Starting with the first line below, reproduce each line exactly until you have included the one bearing "Ministr financí Andrej".

Records from a dataset:
================

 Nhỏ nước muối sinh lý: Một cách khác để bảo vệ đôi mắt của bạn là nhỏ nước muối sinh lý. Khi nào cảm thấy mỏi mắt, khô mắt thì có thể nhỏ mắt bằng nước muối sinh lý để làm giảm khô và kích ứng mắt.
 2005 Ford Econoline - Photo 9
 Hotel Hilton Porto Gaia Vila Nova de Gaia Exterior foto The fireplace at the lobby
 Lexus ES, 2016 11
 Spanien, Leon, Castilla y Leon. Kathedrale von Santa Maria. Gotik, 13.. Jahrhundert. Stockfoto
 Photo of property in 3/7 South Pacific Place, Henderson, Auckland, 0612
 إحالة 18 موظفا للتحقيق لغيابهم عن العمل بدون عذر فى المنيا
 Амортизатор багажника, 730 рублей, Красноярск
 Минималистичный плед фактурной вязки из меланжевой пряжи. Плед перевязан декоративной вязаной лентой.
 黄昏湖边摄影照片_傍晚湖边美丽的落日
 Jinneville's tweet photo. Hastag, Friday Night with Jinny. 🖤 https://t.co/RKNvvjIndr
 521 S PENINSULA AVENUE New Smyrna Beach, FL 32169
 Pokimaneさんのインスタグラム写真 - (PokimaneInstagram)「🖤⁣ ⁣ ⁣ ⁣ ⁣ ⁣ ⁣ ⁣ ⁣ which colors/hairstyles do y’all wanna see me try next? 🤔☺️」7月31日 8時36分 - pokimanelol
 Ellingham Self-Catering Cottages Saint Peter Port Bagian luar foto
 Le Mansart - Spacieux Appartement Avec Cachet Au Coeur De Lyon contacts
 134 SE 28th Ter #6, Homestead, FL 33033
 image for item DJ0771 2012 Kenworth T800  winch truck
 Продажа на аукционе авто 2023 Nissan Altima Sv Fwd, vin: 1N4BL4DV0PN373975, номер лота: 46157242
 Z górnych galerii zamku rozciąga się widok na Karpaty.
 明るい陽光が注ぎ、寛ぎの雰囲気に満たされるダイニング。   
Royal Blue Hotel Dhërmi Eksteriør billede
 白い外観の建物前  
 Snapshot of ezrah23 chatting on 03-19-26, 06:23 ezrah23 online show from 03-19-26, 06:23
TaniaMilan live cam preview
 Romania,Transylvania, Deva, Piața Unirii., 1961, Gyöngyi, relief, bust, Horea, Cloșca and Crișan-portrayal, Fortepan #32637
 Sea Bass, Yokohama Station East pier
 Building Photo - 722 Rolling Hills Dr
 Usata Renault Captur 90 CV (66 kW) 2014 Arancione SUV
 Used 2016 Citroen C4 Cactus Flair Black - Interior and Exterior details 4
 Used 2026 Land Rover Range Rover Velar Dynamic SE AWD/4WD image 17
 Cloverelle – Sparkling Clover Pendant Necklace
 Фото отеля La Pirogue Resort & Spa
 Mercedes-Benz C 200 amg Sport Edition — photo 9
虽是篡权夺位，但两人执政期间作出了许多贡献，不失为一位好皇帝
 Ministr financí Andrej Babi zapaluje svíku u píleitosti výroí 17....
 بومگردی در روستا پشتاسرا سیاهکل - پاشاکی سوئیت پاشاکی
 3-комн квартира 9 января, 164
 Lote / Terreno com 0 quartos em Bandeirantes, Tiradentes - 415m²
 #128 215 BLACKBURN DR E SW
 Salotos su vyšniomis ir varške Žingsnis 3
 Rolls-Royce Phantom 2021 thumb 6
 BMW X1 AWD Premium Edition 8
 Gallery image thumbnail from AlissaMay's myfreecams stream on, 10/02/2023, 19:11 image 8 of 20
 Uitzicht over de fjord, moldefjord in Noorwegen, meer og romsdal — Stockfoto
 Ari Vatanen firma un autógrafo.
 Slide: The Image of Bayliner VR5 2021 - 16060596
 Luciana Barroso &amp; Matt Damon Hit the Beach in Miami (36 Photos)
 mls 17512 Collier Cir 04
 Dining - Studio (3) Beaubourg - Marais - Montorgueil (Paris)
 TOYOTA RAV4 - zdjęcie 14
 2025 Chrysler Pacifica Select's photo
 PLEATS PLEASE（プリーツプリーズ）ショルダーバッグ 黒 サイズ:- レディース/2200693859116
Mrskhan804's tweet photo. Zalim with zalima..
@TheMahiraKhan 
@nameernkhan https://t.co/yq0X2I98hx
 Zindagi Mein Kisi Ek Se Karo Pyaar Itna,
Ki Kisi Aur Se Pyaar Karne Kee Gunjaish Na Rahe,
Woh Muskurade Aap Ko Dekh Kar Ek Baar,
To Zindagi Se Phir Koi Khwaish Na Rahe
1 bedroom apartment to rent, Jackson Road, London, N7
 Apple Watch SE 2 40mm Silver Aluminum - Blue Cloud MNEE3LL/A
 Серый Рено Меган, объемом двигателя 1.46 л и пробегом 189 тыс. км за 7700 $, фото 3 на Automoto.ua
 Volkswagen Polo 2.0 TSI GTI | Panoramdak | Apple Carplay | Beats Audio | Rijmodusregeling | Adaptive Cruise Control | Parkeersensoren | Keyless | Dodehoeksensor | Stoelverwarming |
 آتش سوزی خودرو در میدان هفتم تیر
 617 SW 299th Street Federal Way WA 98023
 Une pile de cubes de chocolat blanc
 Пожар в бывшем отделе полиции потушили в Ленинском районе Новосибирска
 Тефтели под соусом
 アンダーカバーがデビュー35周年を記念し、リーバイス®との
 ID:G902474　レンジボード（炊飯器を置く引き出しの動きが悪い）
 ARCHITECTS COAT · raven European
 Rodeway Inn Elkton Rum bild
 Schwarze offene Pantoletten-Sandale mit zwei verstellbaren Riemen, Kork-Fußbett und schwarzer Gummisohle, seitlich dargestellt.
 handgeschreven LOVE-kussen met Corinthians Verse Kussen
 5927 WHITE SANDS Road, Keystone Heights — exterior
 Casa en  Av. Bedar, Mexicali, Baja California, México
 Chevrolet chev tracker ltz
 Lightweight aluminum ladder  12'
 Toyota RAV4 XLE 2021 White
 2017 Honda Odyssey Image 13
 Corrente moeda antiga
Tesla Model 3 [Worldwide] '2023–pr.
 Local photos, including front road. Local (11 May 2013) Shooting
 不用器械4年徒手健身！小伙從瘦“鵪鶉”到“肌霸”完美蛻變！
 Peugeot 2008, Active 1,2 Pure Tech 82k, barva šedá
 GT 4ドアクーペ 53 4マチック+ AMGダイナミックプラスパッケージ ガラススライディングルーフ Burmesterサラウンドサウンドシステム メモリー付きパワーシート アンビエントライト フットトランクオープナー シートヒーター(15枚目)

================

→ **Exercise response**:
 Nhỏ nước muối sinh lý: Một cách khác để bảo vệ đôi mắt của bạn là nhỏ nước muối sinh lý. Khi nào cảm thấy mỏi mắt, khô mắt thì có thể nhỏ mắt bằng nước muối sinh lý để làm giảm khô và kích ứng mắt.
 2005 Ford Econoline - Photo 9
 Hotel Hilton Porto Gaia Vila Nova de Gaia Exterior foto The fireplace at the lobby
 Lexus ES, 2016 11
 Spanien, Leon, Castilla y Leon. Kathedrale von Santa Maria. Gotik, 13.. Jahrhundert. Stockfoto
 Photo of property in 3/7 South Pacific Place, Henderson, Auckland, 0612
 إحالة 18 موظفا للتحقيق لغيابهم عن العمل بدون عذر فى المنيا
 Амортизатор багажника, 730 рублей, Красноярск
 Минималистичный плед фактурной вязки из меланжевой пряжи. Плед перевязан декоративной вязаной лентой.
 黄昏湖边摄影照片_傍晚湖边美丽的落日
 Jinneville's tweet photo. Hastag, Friday Night with Jinny. 🖤 https://t.co/RKNvvjIndr
 521 S PENINSULA AVENUE New Smyrna Beach, FL 32169
 Pokimaneさんのインスタグラム写真 - (PokimaneInstagram)「🖤⁣ ⁣ ⁣ ⁣ ⁣ ⁣ ⁣ ⁣ ⁣ which colors/hairstyles do y’all wanna see me try next? 🤔☺️」7月31日 8時36分 - pokimanelol
 Ellingham Self-Catering Cottages Saint Peter Port Bagian luar foto
 Le Mansart - Spacieux Appartement Avec Cachet Au Coeur De Lyon contacts
 134 SE 28th Ter #6, Homestead, FL 33033
 image for item DJ0771 2012 Kenworth T800  winch truck
 Продажа на аукционе авто 2023 Nissan Altima Sv Fwd, vin: 1N4BL4DV0PN373975, номер лота: 46157242
 Z górnych galerii zamku rozciąga się widok na Karpaty.
 明るい陽光が注ぎ、寛ぎの雰囲気に満たされるダイニング。   
Royal Blue Hotel Dhërmi Eksteriør billede
 白い外観の建物前  
 Snapshot of ezrah23 chatting on 03-19-26, 06:23 ezrah23 online show from 03-19-26, 06:23
TaniaMilan live cam preview
 Romania,Transylvania, Deva, Piața Unirii., 1961, Gyöngyi, relief, bust, Horea, Cloșca and Crișan-portrayal, Fortepan #32637
 Sea Bass, Yokohama Station East pier
 Building Photo - 722 Rolling Hills Dr
 Usata Renault Captur 90 CV (66 kW) 2014 Arancione SUV
 Used 2016 Citroen C4 Cactus Flair Black - Interior and Exterior details 4
 Used 2026 Land Rover Range Rover Velar Dynamic SE AWD/4WD image 17
 Cloverelle – Sparkling Clover Pendant Necklace
 Фото отеля La Pirogue Resort & Spa
 Mercedes-Benz C 200 amg Sport Edition — photo 9
虽是篡权夺位，但两人执政期间作出了许多贡献，不失为一位好皇帝
 Ministr financí Andrej Babi zapaluje svíku u píleitosti výroí 17....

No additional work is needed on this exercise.